По плану съемки фильма должны были начаться 15 марта 1956 года. О предстоящей работе Черкасов думал не только с радостью, но и с опасением. Он уже пять лет не снимался в кино, но не забыл, сколько это отнимает сил, здоровья, нервов. Артист был уже немолод и боялся, выдержит ли его организм изнурительно длинные натурные съемки. «Прошло то время, когда мы позволяли себе после спектакля ехать на ночную съемку, а затем обратно в театр на репетицию!» — записывает он в дневнике.

Предстоящие трудности усугублялись и тем, что картина должна была сниматься в двух вариантах — обычном и широкоэкранном. По предварительным подсчетам, Черкасову отводилось 100—110 съемочных дней, исполнителю роли Санчо Пансы Юрию Толубееву — 90—100 дней.

25 ноября 1955 года Черкасов впервые сел за гримировальный столик. Улыбнулся своему старому знакомому еще по Мариинскому театру, гримеру Василию Петровичу Ульянову:

— Ну что ж, поехали?

— Поехали…

Примерно через месяц кропотливого труда грим был найден: худое аскетическое лицо, коротко остриженные седые волосы, темные усы и острая бородка. В основу грима были положены испанские типы художника Эль Греко. Режиссер и артист были довольны: с фотографий на них смотрел такой Дон Кихот, каким они и хотели его видеть, — не сумасшедший старый мечтатель, а вполне реальный пятидесятилетний человек с добрым и умным лицом. Единственное, что Черкасов категорически потребовал, — снять под подбородком стягивающие повязки. Он боялся, что после года съемок щеки у него отвиснут, «как у старого бульдога»…

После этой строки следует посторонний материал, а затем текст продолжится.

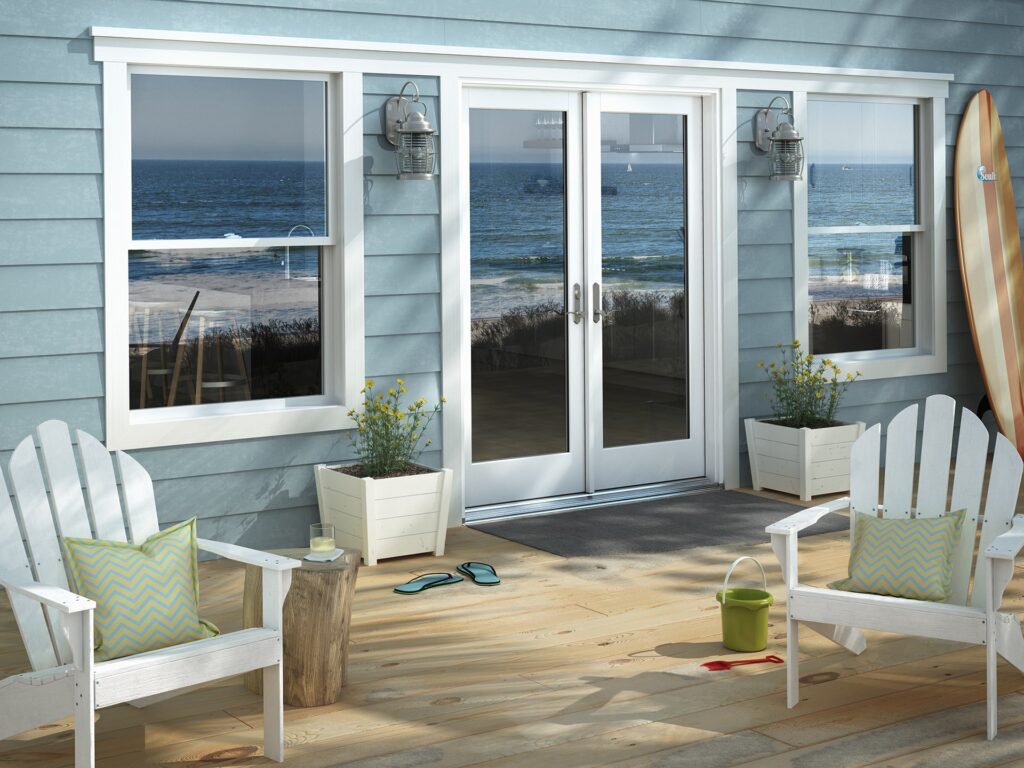 White French doors and double-hung windows overlooking the ocean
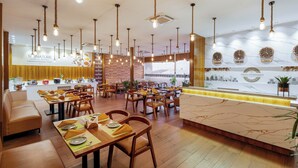 Un restaurante con mesas y sillas de madera, lámparas colgantes y un mostrador de recepción de mármol.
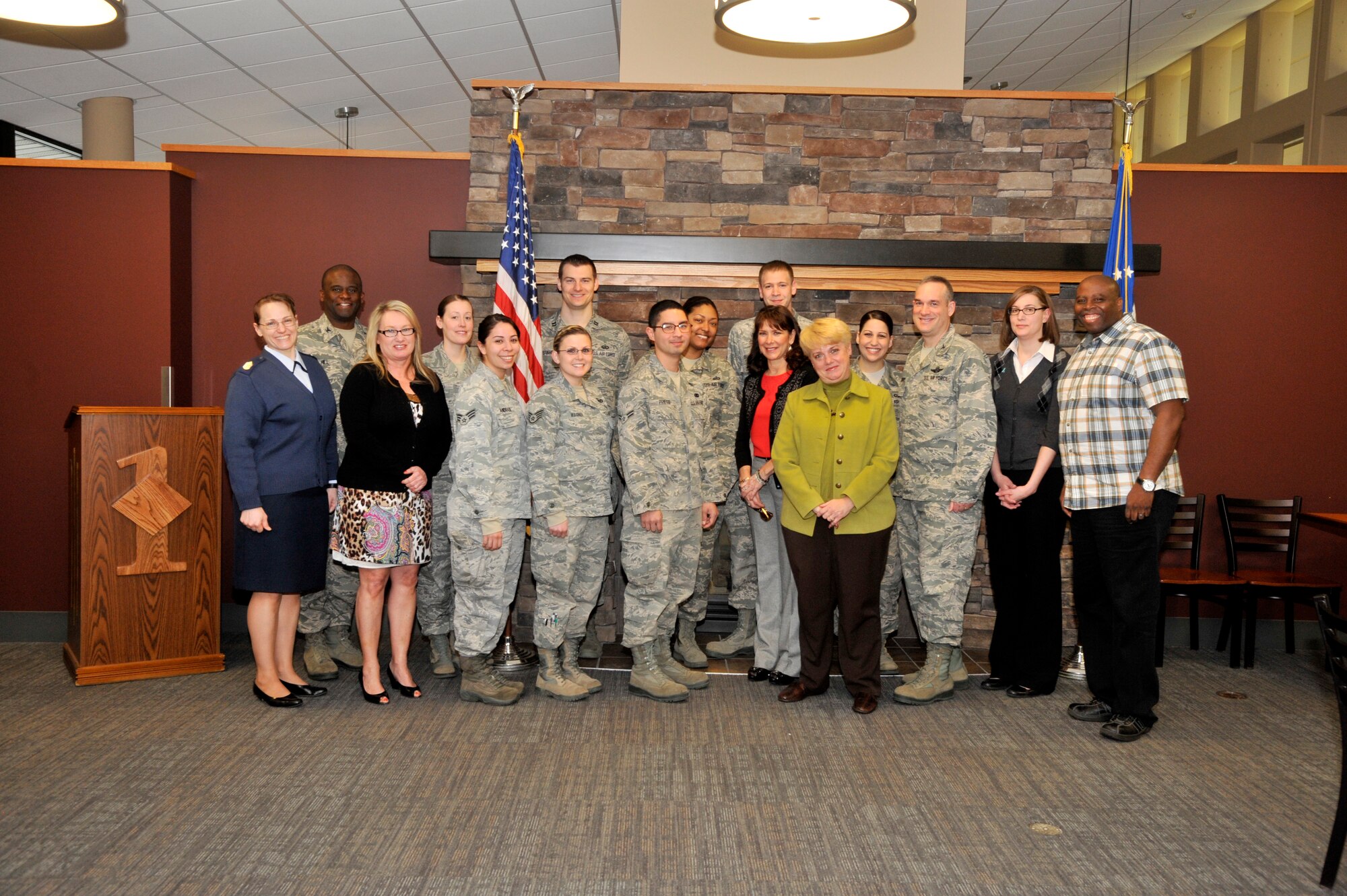 Victim Advocates from Team Fairchild pose with Mary Lauterbach and members of the base leadership during a breakfast at Fairchild Air Force Base, Wash., April 7, 2014. Lauterbach is the mother of sexual assault victim Lance Cpl. Maria Lauterbach who was subsequently murdered by the accused, a colleague whom she worked with. Mary has been traveling around the country telling her daughters story to bring light to sexual assault in the military and how members are cared for during the investigation process. (U.S. Air Force photo by Senior Airman Mary O'Dell/Released)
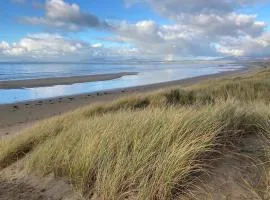 Harlech castle and beach home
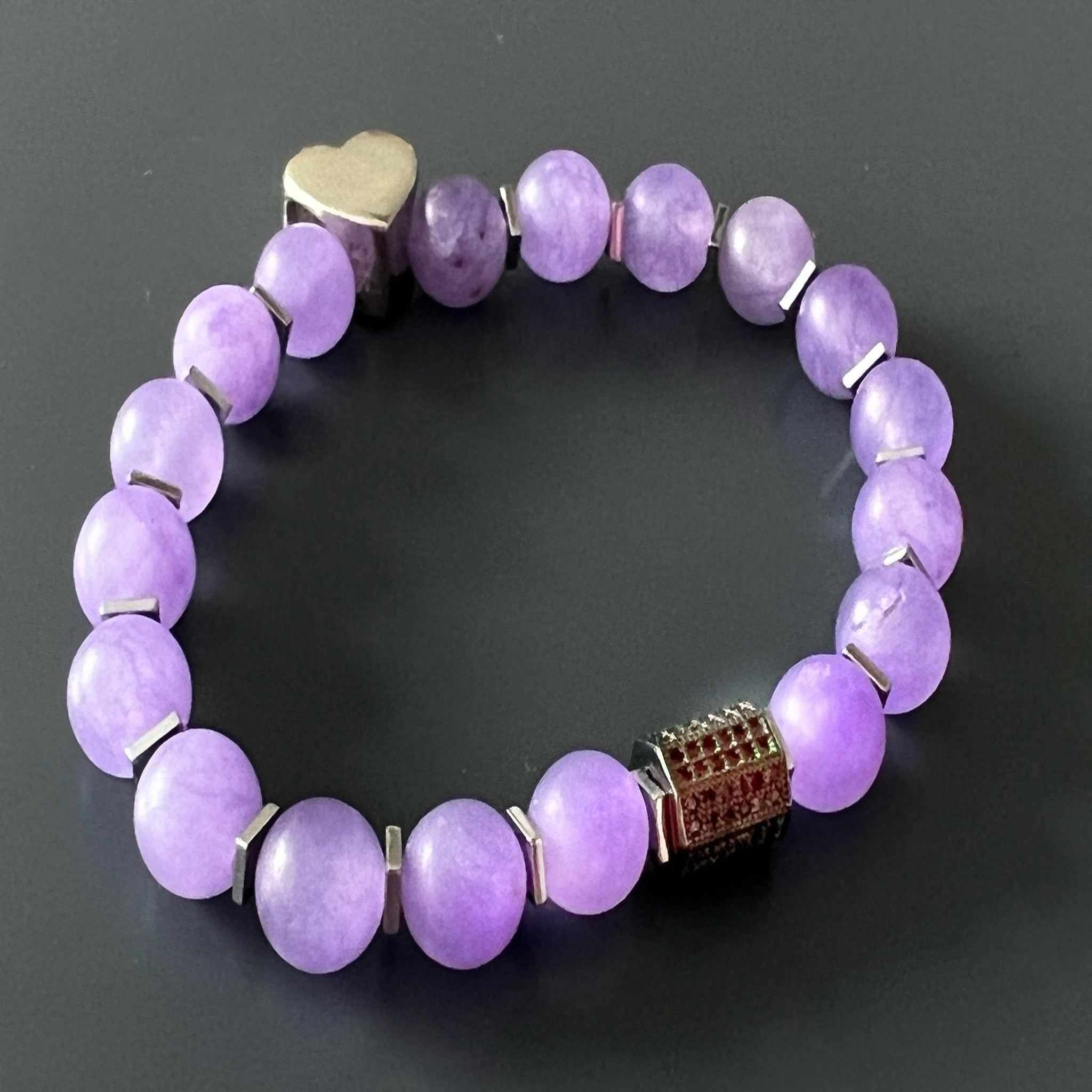 Add a touch of love and sophistication to your style with the Violet Love Bracelet, adorned with purple jade beads, sterling silver heart charms, and a glistening Swarovski crystal accent.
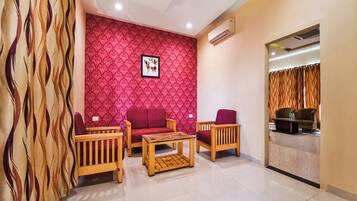 A living room with a red patterned wall, a ceiling fan, and a view into another room through a glass partition.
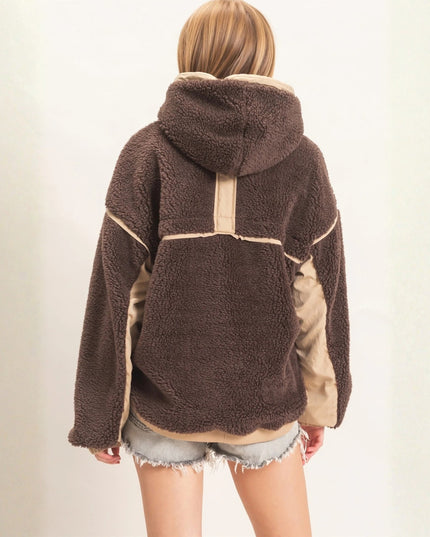 A person shown from the back wearing a brown sherpa fleece hooded jacket with beige contrast panels and denim shorts against a plain light background.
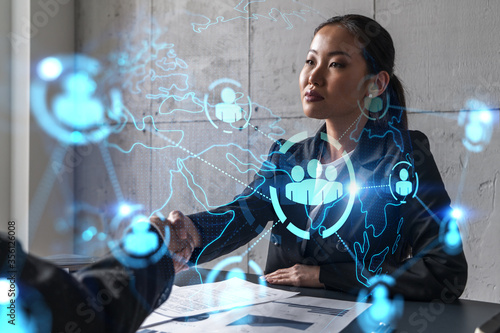 Two woman handshake. Social network hologram. Multiexposure. International business.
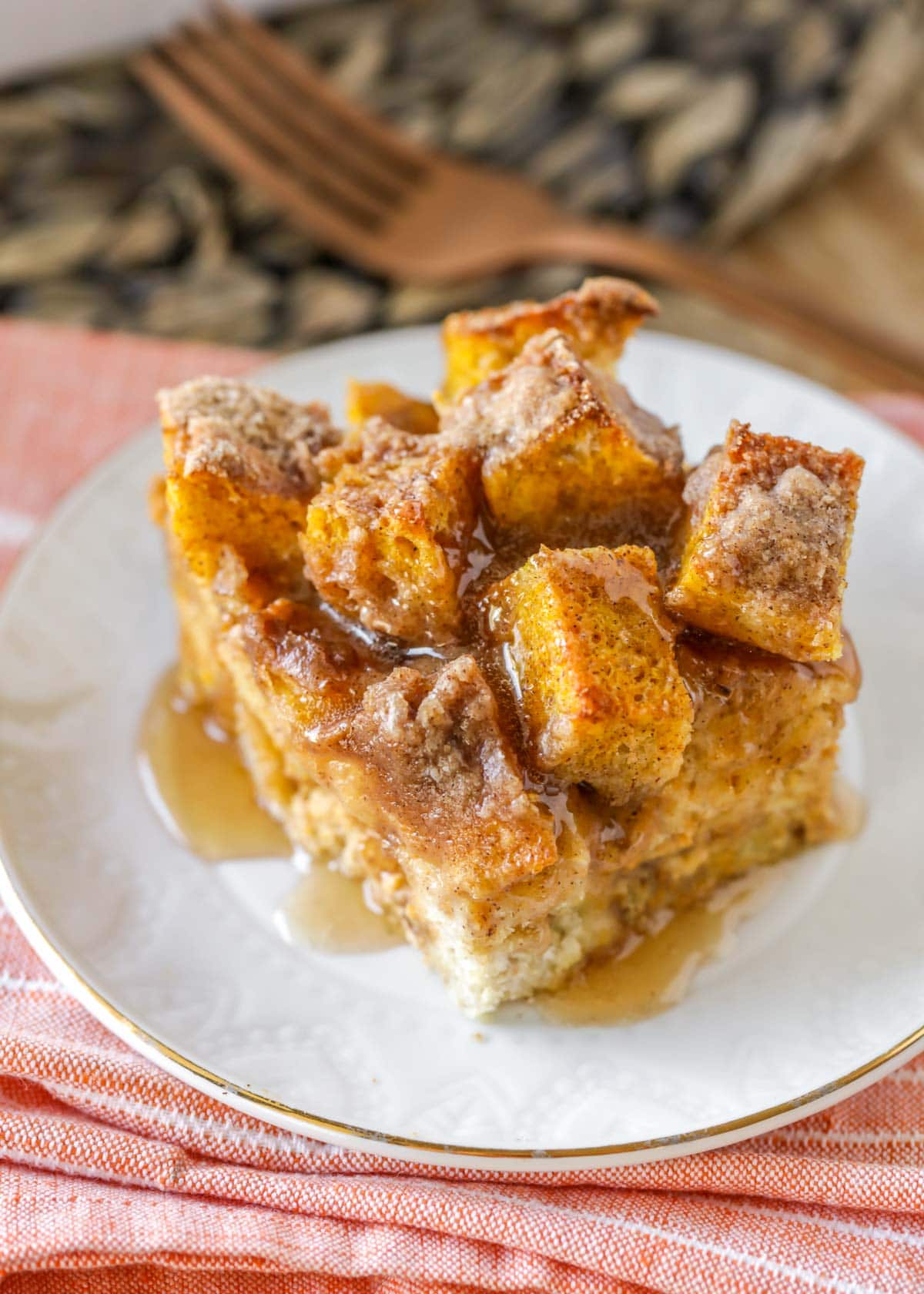 A white plate of pumpkin french toast bake topped with cinnamon buttermilk syrup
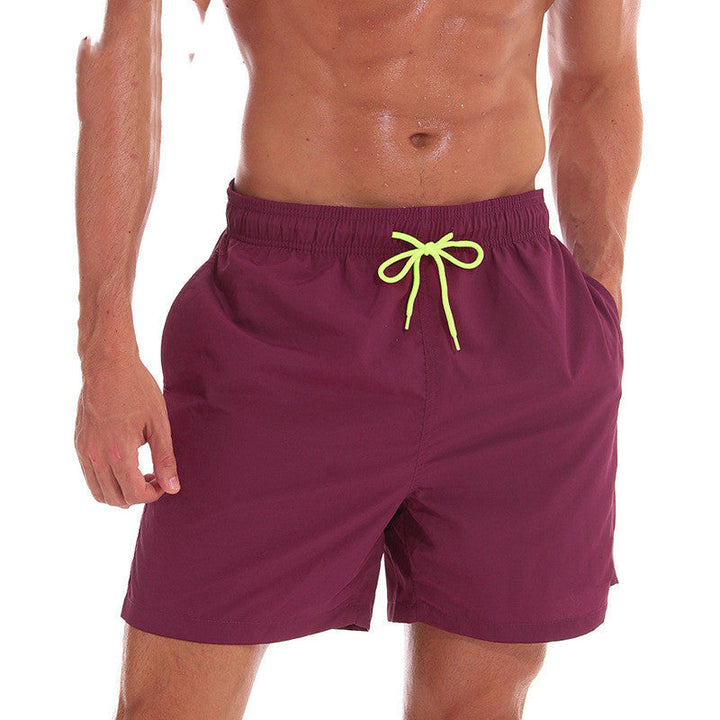 Maroon men's swim shorts with lime drawstring and relaxed fit, beach shorts
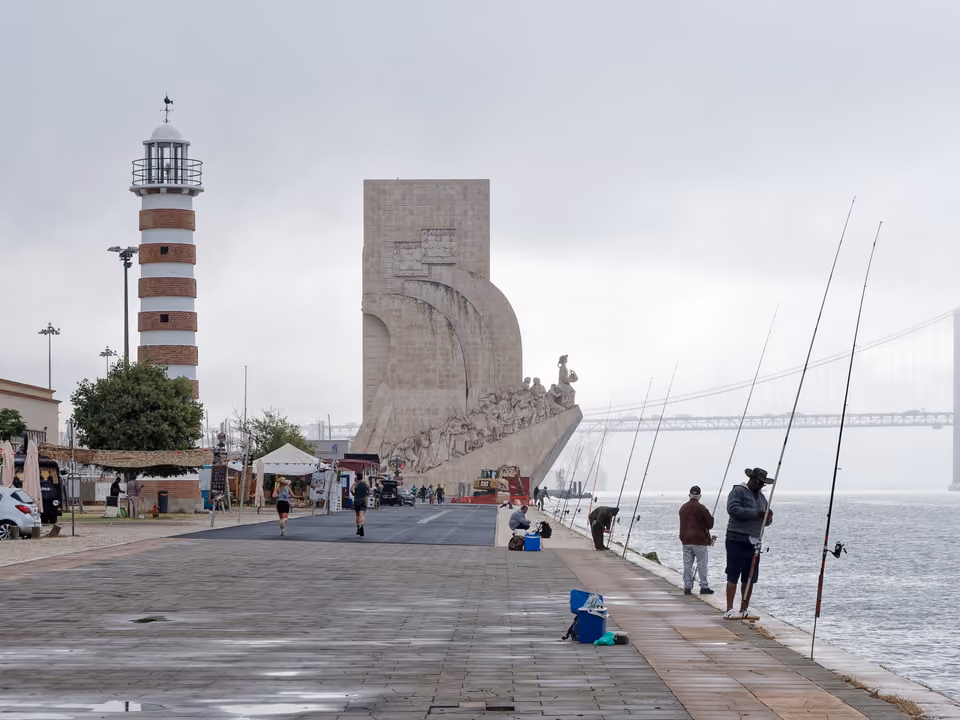 Padrão dos Descobrimentos em Lisboa, monumento de pedra em forma de proa de caravela à beira do Tejo, com o Farol de Belém à esquerda e a ponte 25 de Abril ao fundo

Хуже обстояло с общим «силуэтом Дон Кихота». Козинцев хотел видеть своего героя почти противоестественно худым, костлявым, а ему казалось, что Черкасов «потолстел».

— Вы могли бы играть Фальстафа! — сердился режиссер.

В течение нескольких месяцев Черкасов ежедневно тренировался в манеже, усиленно репетировал — вместе с режиссером, и партнерами, и один. «Вся моя жизнь, несмотря на чрезмерную занятость в театре и общественные дела, протекает это время под знаком работы над образом Дон Кихота… Некоторые страницы моего рабочего сценария уже настолько испещрены заметками, что напоминают скорее партитуру симфонии, нежели роль отдельного исполнителя…»

Трудность роли заключалась в том, что решать ее нужно было самыми разнообразными средствами и приемами — буффонады, эксцентрики, гротеска, драмы, трагедии. Во всем этом у Черкасова был огромный опыт, и он с полным правом мог бы считать себя готовым к предстоящей работе, но артист не переставал волноваться. «Лишь бы мне удалось вскарабкаться хотя бы на подступы этой неприступной скалы, и то хорошо», — пишет он во время репетиций.

Актер и режиссер упорно искали ключ к роли Дон Кихота. Бедный идальго из Ламанчи никак не мог стать предметом комических карикатур или риторического пафоса. Что движет всеми поступками героя? Ответ был один: «Наш ключ к роли — Алонсо Кихано Добрый!»